Chandrashekhar is an economist, journalist and policy commentator renowned for his expertise in agriculture, commodity markets and economic policy.

October 31, 2025 at 6:15 AM IST

India’s next great leap will be built, quite literally, on commodities. Energy, metals, polymers, agricultural goods will all power the nation’s economic expansion in the decades ahead. 

Commodity intensity of India’s growth is inexorable. India will continue to straddle every link in the chain: producing, processing, consuming and trading across borders. The scale will only grow larger.

We have seen this story before, though told elsewhere. China’s remarkable rise over the past 30 years was built on an enormous appetite for raw materials such as iron, coal, copper, oil. India’s journey will echo that experience, but with its own constraints, ambitions and timing. Though, one hopes, with a sharper awareness of sustainability and security. Five broad global forces are set to define how this commodity-led growth unfolds.

Shifting Currents
Energy transition, the first great shift, is already under way. India’s promise to reach net-zero by 2070 isn’t just a slogan; it means rethinking the very fuel that drives our economy. The age of coal and crude, which powered us for decades, is slowly giving ground to cleaner sources like solar, wind, nuclear, and biofuels. The change will be uneven and often expensive, but it’s inevitable.

This transition is not just about energy; it’s about metals. Steelcopper and aluminium, the backbone of renewable infrastructure, will see demand soar as the country invests in green grids, solar farms and wind corridors.
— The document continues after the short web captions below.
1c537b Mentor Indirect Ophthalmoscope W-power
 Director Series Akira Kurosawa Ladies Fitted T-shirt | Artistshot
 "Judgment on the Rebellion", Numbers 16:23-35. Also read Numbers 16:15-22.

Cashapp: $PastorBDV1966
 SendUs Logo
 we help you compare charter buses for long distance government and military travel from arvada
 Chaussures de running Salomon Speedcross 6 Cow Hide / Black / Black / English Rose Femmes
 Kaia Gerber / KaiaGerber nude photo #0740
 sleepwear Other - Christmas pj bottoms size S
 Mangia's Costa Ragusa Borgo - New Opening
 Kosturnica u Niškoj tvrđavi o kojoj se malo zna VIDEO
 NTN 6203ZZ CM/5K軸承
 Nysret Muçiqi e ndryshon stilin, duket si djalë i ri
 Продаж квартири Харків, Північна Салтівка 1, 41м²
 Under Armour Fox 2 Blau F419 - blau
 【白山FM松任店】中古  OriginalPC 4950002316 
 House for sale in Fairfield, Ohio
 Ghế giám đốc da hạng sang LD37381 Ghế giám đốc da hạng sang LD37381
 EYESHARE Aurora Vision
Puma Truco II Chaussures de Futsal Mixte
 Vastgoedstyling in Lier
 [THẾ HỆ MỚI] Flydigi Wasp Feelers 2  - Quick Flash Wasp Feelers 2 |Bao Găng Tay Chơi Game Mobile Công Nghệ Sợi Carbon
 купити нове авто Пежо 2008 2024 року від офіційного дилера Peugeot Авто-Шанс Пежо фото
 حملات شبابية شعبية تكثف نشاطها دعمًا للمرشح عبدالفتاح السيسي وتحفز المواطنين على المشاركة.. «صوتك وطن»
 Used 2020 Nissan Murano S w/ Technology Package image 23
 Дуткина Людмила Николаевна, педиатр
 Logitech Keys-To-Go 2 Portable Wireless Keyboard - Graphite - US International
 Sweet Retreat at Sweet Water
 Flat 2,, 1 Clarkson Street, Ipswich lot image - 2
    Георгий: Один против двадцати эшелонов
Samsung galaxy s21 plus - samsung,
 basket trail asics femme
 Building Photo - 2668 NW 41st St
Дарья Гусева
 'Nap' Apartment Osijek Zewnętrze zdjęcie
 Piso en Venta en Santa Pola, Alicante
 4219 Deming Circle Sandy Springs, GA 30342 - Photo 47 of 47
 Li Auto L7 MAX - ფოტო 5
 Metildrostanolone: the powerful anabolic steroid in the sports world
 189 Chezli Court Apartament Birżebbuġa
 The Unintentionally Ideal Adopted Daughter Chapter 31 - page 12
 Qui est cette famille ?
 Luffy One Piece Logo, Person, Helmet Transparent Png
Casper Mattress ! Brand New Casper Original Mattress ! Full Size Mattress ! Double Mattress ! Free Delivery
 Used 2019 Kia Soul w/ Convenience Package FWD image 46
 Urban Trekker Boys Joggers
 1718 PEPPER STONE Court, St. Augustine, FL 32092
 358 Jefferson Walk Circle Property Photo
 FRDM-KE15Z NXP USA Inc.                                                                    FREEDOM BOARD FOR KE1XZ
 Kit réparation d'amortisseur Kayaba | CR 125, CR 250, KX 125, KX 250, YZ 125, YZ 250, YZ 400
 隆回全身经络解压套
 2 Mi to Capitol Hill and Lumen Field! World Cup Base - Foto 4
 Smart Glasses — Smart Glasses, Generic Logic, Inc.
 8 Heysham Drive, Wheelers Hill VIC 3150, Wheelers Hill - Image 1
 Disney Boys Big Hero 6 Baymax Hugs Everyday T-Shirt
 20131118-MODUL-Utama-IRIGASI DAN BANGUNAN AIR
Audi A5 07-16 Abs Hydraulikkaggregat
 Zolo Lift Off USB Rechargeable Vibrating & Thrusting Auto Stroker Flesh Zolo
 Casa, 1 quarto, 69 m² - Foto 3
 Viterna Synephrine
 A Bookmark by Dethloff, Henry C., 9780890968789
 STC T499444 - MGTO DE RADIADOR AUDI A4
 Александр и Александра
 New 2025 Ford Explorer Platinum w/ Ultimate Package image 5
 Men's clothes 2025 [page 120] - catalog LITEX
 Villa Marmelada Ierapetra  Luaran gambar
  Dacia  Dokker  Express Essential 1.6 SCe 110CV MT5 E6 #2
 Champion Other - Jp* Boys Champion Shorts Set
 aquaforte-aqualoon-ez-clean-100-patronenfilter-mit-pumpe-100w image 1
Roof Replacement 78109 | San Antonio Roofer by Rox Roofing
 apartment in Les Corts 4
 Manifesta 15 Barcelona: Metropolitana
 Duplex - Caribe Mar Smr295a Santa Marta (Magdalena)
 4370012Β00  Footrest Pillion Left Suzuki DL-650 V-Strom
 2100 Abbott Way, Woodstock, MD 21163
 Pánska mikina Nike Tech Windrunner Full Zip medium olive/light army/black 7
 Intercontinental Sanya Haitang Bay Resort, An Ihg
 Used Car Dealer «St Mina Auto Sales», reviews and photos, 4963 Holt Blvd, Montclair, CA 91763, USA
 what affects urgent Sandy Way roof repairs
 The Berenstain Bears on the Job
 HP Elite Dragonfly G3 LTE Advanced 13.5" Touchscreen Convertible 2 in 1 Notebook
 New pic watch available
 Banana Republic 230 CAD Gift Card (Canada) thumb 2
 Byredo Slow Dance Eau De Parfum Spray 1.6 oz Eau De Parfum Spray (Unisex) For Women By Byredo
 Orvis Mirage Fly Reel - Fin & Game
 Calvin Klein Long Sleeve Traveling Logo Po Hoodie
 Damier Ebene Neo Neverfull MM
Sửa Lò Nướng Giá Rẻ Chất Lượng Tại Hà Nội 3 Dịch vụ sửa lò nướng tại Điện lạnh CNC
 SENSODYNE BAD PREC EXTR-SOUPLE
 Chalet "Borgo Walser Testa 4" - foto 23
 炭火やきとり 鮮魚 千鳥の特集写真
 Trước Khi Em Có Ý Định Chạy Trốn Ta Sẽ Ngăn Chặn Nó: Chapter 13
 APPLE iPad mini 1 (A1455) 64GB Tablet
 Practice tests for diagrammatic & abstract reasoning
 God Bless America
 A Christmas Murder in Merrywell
The second force is electrification. Economic activity, mobility and urban life are all moving towards greater dependence on electricity. Electric vehicles and electrified railways are only the beginning. Batteries, motors, charging stations and power grids will require a steady flow of industrial metals — from lithium and cobalt to nickel, copper and steel. Every additional volt of progress will come with its own metal footprint.

Rapid urbanisation is the third force, and it is unstoppable. As millions migrate in search of opportunity, cities will continue to sprawl, demanding vast quantities of concrete, steel, aluminium, copper and cement. Commodities account for nearly 70% of infrastructure costs. Roads, bridges, housing, water supply, drainage, and public utilities will all depend on them. India’s urban dream, in essence, will be built from the ground up, and out of the earth itself.

Then there is climate change, which complicates everything. What once sounded distant is now unfolding around us — droughts one year, floods the next, heatwaves in between. These evolving weather events not only adversely impact human life but also hurt economic activity, damage agricultural crops, disrupt mining and similar operations.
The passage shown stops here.